Limitations like compute time are also arbitrary, but if your application is too large, the cold start times may become unmanageable, so limiting the bundle size of your application is a good sanity check. How does this limitation affect you? One example is that you may not be able to ship a large Java application into a serverless function—using containers or instances is a better strategy for now, but keep an eye out for changes that could enable this. You may also be limited in the amount and size of dependencies of your application, although with the introduction of layers in AWS, there are advancements in this area as well.

Potential to Be More Expensive

If your application requires a predictable and stable amount of compute, you will overpay by using serverless. But consider the cost of maintenance and upkeep required for patching systems with security and other updates. You can pay your employees to do this, or you can overpay for your compute to have some of those maintenance costs bundled in. Does it make more sense to spend an extra $200,000 per year on a DevOps engineer or overpay on your cloud bill by $20,000 per year? Spend that money on another engineer who will build functionality with directly attributable revenue.

Vendor Lock-In

Every technology you select will likely lock you into using a specific vendor in one way or another: which base Docker image you use, which database you use, should you really add that additional package, and so on. You can lessen this by having your organization self-host a function execution environment on top of Kubernetes using open source software. But there is a high likelihood your organization already has some level of vendor lock-in to one of these cloud providers. If your organization has already made a trade-off in a specific direction, it makes sense to piggyback on top of that. This may be the case for you.
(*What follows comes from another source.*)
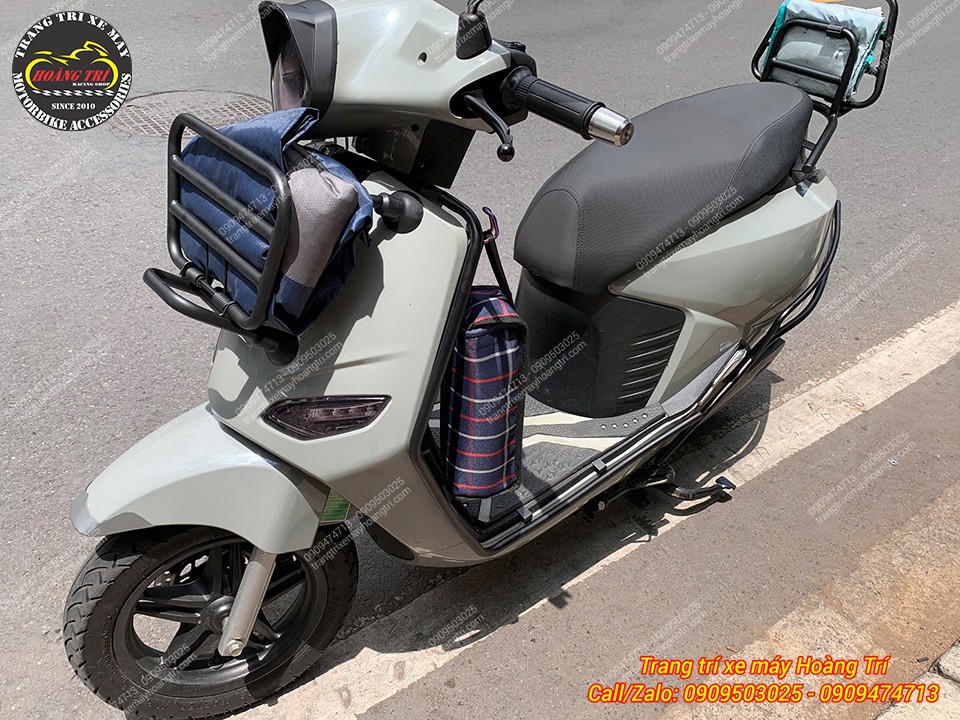 Khung bảo vệ Vento Neo kết hợp cùng với baga trước đồng bộ với tông màu đen cá tính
Vendor lock-in is an interesting concern. Some suggest this is just an overreaction to switching costs, which comes with all technology choices. They liken it to what happens if you want to change from Java to Python, or Go to Erlang. This is true only in that every developer has the choice of making optimizations and trade-offs as they see fit. Sure, you can save a lot of money on hosting costs by running your application on an old server under your desk, or on a cluster of Raspberry Pis, but you will likely choose to use virtualized instances from a large cloud provider because you will have to decide how you want to spend your time: writing code, or carrying buckets of diesel fuel up a staircase after a hurricane (see “The Physical World”).
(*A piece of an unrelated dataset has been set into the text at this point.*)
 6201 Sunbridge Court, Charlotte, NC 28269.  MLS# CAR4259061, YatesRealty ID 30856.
Lock-in is something to be mindful of, but not to spend much time on. I will be focusing on examples primarily from AWS due to the depth of supporting services and integrations, but these examples are for illustration purposes. I am not advocating allegiance to any one particular provider, and think the most pragmatic approach is to keep your options open.
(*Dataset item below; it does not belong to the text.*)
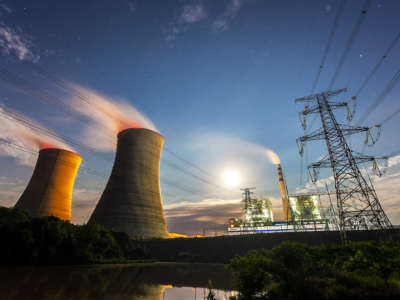 Nuclear power plant cooling towers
If your organization has chosen to invest in one of these platforms, take advantage of the deep service catalog you have available to get your job done in the best way with the fewest trade-offs possible. Learn to love your provider, but don’t trust them more than you should.

Complex Debugging

When you have a dynamic runtime, debugging can be complicated to reproduce errors in order to solve them. The more components or microservices your system is comprised of, the more difficult it can be to trace a user action throughout the entire system. That’s why so many tools and SaaS offerings address these issues. I believe this is generally a symptom of using serverless incorrectly. Used correctly, serverless should give you more understanding of the core functionality of your systems. Some of these tools, however, are evolving into really compelling ways to find and filter issues, as well as providing data helpful in reproducing such errors. Your debugging and introspection are more powerful than ever before. What a time to be alive!